Electrochemical measurements were performed in a half-cell configuration (Potentiostat Bio-Logic, VMP3, Seyssinet-Pariset, France). The electrode material (100 mg) was placed as powder bed on a copper conductor. The electrolyte was 6 M KOH was added in high excess (80 mL in a 100 mL glass beaker). An Ag/AgCl electrode (3.5 M KCl) and a platinum plate (3 × 3 cm) were applied as reference or counter electrode, respectively. Galvanostatic polarization was carried out between −1.45 and −1.65 V vs. Ag/AgCl reference electrode at 0.1 mVs−1 in order to analyze the corrosion behavior of uncoated and coated zinc particles. Additionally, electrical impedance spectroscopy (EIS) with an AC voltage (amplitude 20 mV) in a frequency range from 20 mHz to 1 MHz was applied to investigate the anode before discharge. The internal resistance, Ri, was calculated from the real part of the complex impedance in Nyquist plots.

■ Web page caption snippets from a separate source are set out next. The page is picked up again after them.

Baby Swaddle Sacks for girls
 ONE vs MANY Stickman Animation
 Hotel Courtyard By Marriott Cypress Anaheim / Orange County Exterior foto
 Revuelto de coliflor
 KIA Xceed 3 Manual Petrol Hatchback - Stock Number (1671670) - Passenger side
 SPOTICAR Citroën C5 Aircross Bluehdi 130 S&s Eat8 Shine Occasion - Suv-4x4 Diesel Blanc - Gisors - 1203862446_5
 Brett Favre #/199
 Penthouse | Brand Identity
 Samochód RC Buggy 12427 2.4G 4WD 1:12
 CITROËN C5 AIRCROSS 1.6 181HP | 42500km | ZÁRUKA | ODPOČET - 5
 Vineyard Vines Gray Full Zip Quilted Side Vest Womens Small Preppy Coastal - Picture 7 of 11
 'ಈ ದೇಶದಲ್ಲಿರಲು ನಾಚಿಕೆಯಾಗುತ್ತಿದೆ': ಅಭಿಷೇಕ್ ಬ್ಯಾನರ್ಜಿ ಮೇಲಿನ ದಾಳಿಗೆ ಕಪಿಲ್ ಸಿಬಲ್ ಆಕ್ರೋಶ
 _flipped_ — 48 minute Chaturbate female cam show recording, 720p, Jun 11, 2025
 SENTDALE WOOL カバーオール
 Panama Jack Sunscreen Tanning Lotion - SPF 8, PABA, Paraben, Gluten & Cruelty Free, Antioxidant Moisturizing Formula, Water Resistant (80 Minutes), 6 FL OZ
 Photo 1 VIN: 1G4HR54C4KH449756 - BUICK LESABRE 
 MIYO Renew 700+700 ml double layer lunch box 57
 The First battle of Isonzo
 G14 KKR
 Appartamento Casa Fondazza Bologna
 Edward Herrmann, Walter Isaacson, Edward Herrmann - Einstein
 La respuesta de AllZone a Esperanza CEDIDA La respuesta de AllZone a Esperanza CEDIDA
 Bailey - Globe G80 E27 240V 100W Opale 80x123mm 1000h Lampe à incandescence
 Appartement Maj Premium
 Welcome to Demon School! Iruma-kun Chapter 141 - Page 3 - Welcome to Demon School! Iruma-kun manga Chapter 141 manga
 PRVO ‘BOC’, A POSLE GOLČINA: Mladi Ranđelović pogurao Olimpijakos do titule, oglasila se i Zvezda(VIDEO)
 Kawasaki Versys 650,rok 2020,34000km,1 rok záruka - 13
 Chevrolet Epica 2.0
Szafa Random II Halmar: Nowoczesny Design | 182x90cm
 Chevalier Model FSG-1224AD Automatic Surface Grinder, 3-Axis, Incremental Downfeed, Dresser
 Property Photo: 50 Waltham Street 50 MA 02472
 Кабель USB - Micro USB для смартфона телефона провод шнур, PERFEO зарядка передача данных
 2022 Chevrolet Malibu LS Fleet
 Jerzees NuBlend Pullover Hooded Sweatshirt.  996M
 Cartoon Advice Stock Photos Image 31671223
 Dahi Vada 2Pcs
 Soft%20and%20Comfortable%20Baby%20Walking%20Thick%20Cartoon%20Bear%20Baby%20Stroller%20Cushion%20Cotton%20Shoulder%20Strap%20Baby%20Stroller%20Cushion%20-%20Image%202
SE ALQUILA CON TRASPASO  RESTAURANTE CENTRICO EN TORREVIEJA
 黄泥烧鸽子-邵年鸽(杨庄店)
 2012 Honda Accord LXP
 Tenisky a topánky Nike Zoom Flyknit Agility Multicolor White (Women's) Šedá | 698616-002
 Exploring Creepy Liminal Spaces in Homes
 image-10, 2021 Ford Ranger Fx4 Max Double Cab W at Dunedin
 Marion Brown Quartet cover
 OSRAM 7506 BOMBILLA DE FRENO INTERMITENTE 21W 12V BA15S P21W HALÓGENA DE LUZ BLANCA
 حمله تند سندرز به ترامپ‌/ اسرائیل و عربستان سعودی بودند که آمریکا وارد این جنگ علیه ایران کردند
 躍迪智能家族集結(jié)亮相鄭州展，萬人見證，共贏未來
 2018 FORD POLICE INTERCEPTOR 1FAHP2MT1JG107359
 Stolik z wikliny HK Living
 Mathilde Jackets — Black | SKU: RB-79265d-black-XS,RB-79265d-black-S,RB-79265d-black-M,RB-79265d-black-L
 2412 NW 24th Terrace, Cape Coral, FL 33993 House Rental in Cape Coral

In order to characterize the self-discharge behavior, the zinc particles were discharged after 1 h dwell time in 6 M KOH at room temperature, and after 48 h dwell time, respectively. The anode was galvanostatically discharged up to a cell cutoff voltage of U = −0.9 V vs. Ag/AgCl at a current rate of C/20.

3. Results and Discussion

3.1. FTIR, XRD, and XPS Characterization of the Coating

In order to investigate silica coating formation and doping of the same with Bi, the particles were analyzed using FTIR, XRD, and XPS analyses. Table 1 provides a schematic overview of the characteristics of the investigated coatings, consecutively referenced as samples 1–3. Figure 2 compares the FTIR spectra of uncoated and coated zinc.
The FTIR spectra in Figure 2 show a broad peak around 1080 cm−1 for all coated samples in contrast to uncoated zinc. This peak is assigned to Si–O–Si bonds, representing the silica framework [30]. Thus, we assumed that indeed polycondensation of silica deposits on the zinc surface was achieved. Furthermore, we observed that the addition of bismuth did not affect silica formation. However, bismuth is inactive under infrared radiation. Therefore, it is indiscernible by FTIR. Instead, Bi is X-ray sensitive while silica is X-ray amorphous, which allows clear recognition of Bi from X-ray diffraction. Figure 3 illustrates the XRD patterns of uncoated and coated zinc (samples 1–3).
Characteristic XRD peaks for hexagonal zinc, found at 2θ = 43.23°, 36.29°, 38.94°, and 53.33°, are fully expressed for uncoated and coated zinc. Sample 2 and sample 3 show a tiny peak at 27.16°. This reflex is assigned to rhombohedral Bi. Due to the low concentration of Bi, Bi doping was confirmed by XPS measurements. The result is presented in Figure 4.
According to the Bi 4f spectra of sample 2 and sample 3, peaks for metallic Bi appear at 157 and 162 eV [31]. The presence of these Bi metal peaks demonstrates that the doping of the silica coating with metallic bismuth for sample 2 and sample 3 was successful. These peaks at 157 and 162 eV were not found in sample 1 as it is a pure silica coating. Therefore, it can be excluded that the Bi found in sample 2 and sample 3 originated from the alloying of zinc raw material.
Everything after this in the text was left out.